300Bを交流点火で用いた場合、残留ハムノイズ軽減に腐心することは避けられません。ミリバル直読のハムノイズ値が3mV程度になれば、大変良い値です。一般的なシングルアンプなら十分なはずのπ型フィルターでも、300Bの場合は残留ノイズは5~10mVあるいはそれ以上になり、目(耳?)も当てられない状況になります。このことは、300Bにのめり込んだ真空管マニアの方なら、既に経験済みと拝察致します。

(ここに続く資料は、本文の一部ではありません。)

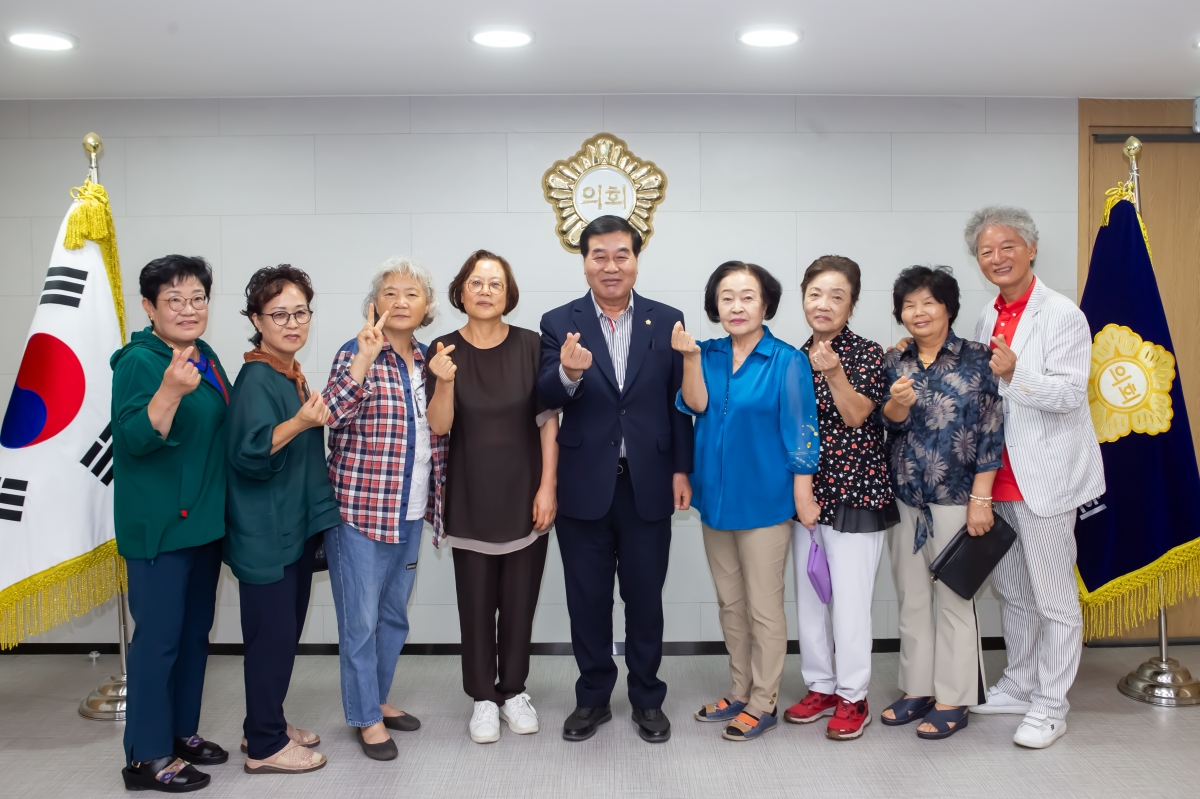 20230921-033[_P7U1900-장천면민 일행 의장실 방문.JPG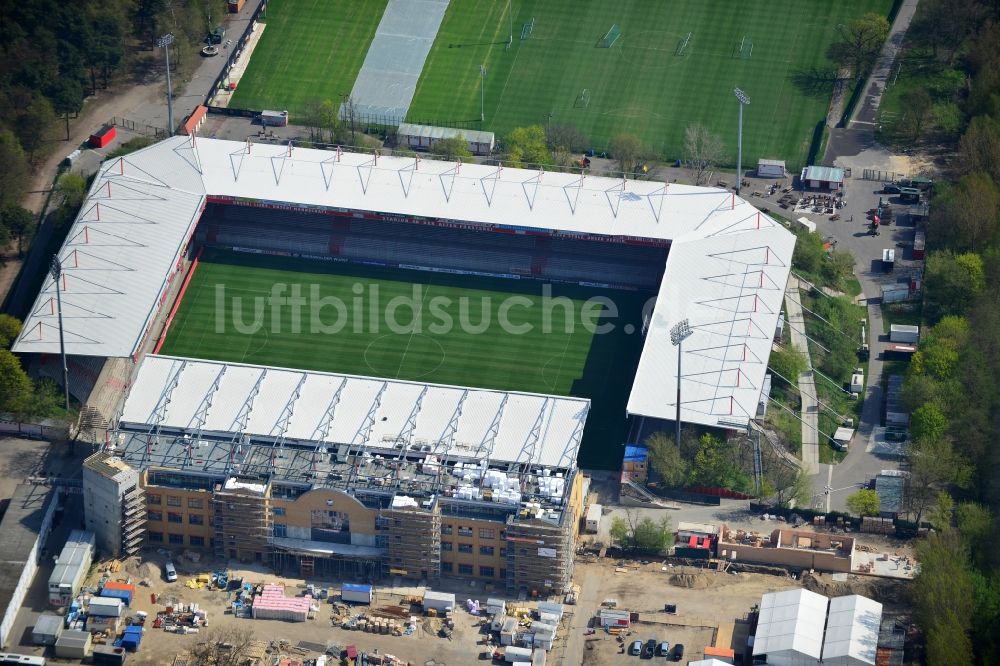 Berlin aus der Vogelperspektive: Neubau der Haupttribüne des Stadions an der Alten Försterei in Berlin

2A3、45などの直熱型3極管のハムノイズは、交流点火時のフィラメントハムよりも、B電源(プレートの高圧電源)のリップル除去不足の影響が大きいです。しかし300Bは、両方ともノイズの元になっているようです。これは300Bのフィラメントが5V1.2Aと省電力タイプのためと考えられ、もしもフィラメントが2Aなら交流点火でもハムノイズはもう少し低い値になると思われます。しかしながら、当時はフィラメント電力の省力化は使命であり、その点300Bは、50や2A3に比べて優れていたことは、表1の比較からもご理解いただけると思います。
表1 代表的な直熱管のフィラメント電力・プレート損失比較
(全日本真空管マニュアルより引用)
真空管名
|
F電圧V
|
F電流A
|
F電力W
|
最大プレート
損失W
|
最大出力W
|
300B
|
5
|
1.2
|
6
|
40
|
8 ※
|
50
|
7.5
|
1.25
|
9.4
|
25
|
4.6
|
2A3
|
2.5
|
2.5
|
6.25
|
15
|
3.5
|
45
|
2.5
|
1.5
|
3.75
|
10
|
2.0
|
※プレート損失21W時
【整流管の問題】
300Bの女房役である整流管274A(B)は、今日では入手が困難です。代替え品としては5U4、5R4があげられます。また昔話を持ち出して恐縮ですが、かつては,B電源にシリコンダイオード整流を用いた300Bアンプの製作例が、70~80年代には結構見られました。その頃は、整流管を用いるのは甚だ効率が悪く、時代遅れの風潮がありました。リレーによる遅延回路を用いて、出力管を保護することは良しとしても、古典管アンプとはいえ、整流管を使うのは何とも時代遅れという考えのマニアが大多数でした。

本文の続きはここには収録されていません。